Studying in Retirement – “Metrics”

I am taking Point Set Topology. This is, for me, challenging math, and I’m liking it.

Last fall was my first “term” of retirement. (I was on terminal leave). In many ways it felt like an extended summer vacation. Fun. At first. But it got long.

So for the spring I committed to create a schedule for myself.

• I was looking at forming a math reading group.
• I wanted to pick up work one or two days a week – work with kids and math.
• I wanted to regularize reading (I’d almost completely stopped reading my last years of teaching).
• I wanted to regularize walking.
• And I wanted to take courses – when I was on sabbatical a decade ago, I loved being a student again.

I had partial success.

• Sue and I formed a reading group, which I have enjoyed, but has been irregular. I will try again, soon, to create a slightly larger group.
• I didn’t get work for the spring, but landed something I am really interested in for the summer.
• Reading has been mixed. I AM reading much more – both books, and making progress in my magazines (New Yorker, Economist, Scientific American) – but I have not succeeded in making a regular time – and I am uneven. I’ll take the progress, and work on more.
• Walking has been good. I am out most days. There are hikes.

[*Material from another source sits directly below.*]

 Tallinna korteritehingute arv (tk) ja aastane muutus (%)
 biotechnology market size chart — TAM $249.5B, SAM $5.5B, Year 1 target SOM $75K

There’s loops around the neighborhood (usually around the reservoir). And there’s days in the New York Botanical Gardens (the grounds are free to Bronx residents.) And there’s days in Van Cortlandt Park, which I love.
• And I signed up for a course. Turned out to be a math course, Point Set Topology, at Queens College.

I scrambled in January – I got back from a trip January 6, and courses were starting in a few weeks. Out of lack of imagination, I chose mathematics. Cost pushed me to CUNY. I was divided between Lehman for distance and Queens for course offerings – and Queens was where I’d been on sabbatical. In fact, I’d forgotten, Queens had admitted me to their masters program. Now, do I want to earn another masters? I don’t know. But it made registration easy.

I love being a student. I like sitting in class. I do not have most of the right answers. This is challenging for me. But I get some of it right. There’s actually a freshman (this is mixed graduate/undergraduate) who runs rings around us (rings in the “runs rings” expression sense, not in the math sense, where I know what a ring is, but don’t know how to run one). A few weeks ago me and two people around my level formed an open study group – and it is nice to hang out in the library after class, and slowly go over ideas and problems.

Also, this is Queens College. The class, and the study group, are integrated. We have a fascinating mix of backgrounds. It reminds me of the high school I worked at, when it was just starting (not like today).

I’d love to tell you about the course. I got an okay grade on the first quiz. A perfect grade on the second. But if you’ve taught, you know. Getting a high grade << Being able to explain. And I am laser-focused on not being able to explain what Point Set Topology is. It is a goal. I cannot do it here, today. I mean, I could use the right words, maybe, and a math person would understand, and assume I really knew what I was talking about. But no, they would be filling in the blanks. I am not ready. I am not there.

But a few weeks ago we ran into a topic that I really did understand. So I’m going to share that with you.

Distance

Think of distance as a function – the input is two places – the output is a number – the distance between the places. “How far is it from the movie theater to the liquor store?” – we have “how far” and two places, the movie theater and the liquor store.

OK, good enough for math people? Nope.

Abstract rules (axioms)

First they need some abstract rules. And they always start with the things that are so obvious that there’s no proof of them. Math people call these “axioms.” And for distance they come up with three of them, plus an obvious fact.

• Obvious fact: Distance is never negative.
• Rule 1 without proof: If the distance between two places is 0, then they must be the same place.
• Rule 2 without proof: The distance from home to work is the same as the distance from work to home (or whatever two places you want, they don’t need to be home and work)
• Rule 3 without proof: The distance from home to work to the bar has to be the same as or more than the distance from home straight to the bar (could be from school to the skate park to your friend’s house, or really any three points)

I see other people describe these or break them up a little differently. I wonder what’s that about – although small differences do seem to crop up among math people about a wide range of things.

Not just distance, “Metric”

Math people need this to be more general. So I write distance(theater to store) = 8 blocks, or d(x,y) = 7 and say “the distance from x to y is 7”.

And we call a function that follows the same rules as distance “a metric.”

“Metric” sounds like “metric system” – and for good reason. “Metric” means of or related to the either the metric system, or measurement in general.

By the way, I am writing “distance” – but I mean regular, normal distance. Math people call this Euclidean distance or the Euclidean metric. I think when I come back to writing about this topic (I will!) I’ll start with Euclidean distance. (which is just regular distance).